**Supplied entries:**
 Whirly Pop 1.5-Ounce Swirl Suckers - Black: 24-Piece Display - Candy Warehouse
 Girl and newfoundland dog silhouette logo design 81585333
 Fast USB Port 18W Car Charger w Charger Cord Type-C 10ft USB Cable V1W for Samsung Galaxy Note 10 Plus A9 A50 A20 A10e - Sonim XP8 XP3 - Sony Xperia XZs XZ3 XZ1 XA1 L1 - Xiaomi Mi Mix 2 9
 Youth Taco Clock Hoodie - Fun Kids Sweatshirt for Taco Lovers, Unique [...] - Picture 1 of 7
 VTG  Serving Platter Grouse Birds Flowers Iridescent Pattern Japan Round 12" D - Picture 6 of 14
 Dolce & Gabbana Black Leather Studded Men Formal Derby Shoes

...

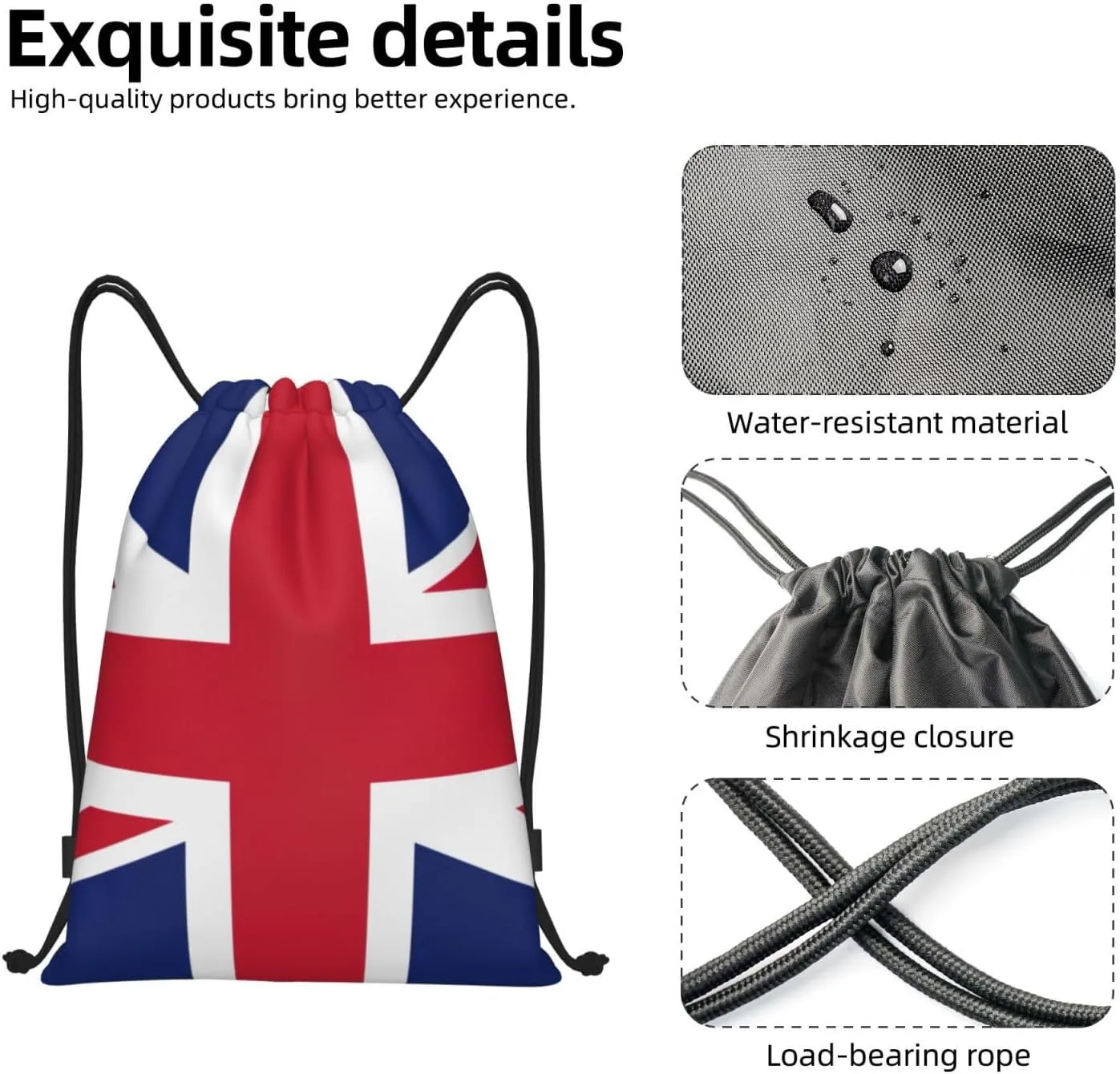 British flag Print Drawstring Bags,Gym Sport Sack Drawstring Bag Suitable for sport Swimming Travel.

**What is needed:** Please give back, exactly as it stands above, the stretch from the line with "Whirly Pop 1.5-Ounce" through the line with "Dolce & Gabbana", and no line outside it.

**Reply:**
 Whirly Pop 1.5-Ounce Swirl Suckers - Black: 24-Piece Display - Candy Warehouse
 Girl and newfoundland dog silhouette logo design 81585333
 Fast USB Port 18W Car Charger w Charger Cord Type-C 10ft USB Cable V1W for Samsung Galaxy Note 10 Plus A9 A50 A20 A10e - Sonim XP8 XP3 - Sony Xperia XZs XZ3 XZ1 XA1 L1 - Xiaomi Mi Mix 2 9
 Youth Taco Clock Hoodie - Fun Kids Sweatshirt for Taco Lovers, Unique [...] - Picture 1 of 7
 VTG  Serving Platter Grouse Birds Flowers Iridescent Pattern Japan Round 12" D - Picture 6 of 14
 Dolce & Gabbana Black Leather Studded Men Formal Derby Shoes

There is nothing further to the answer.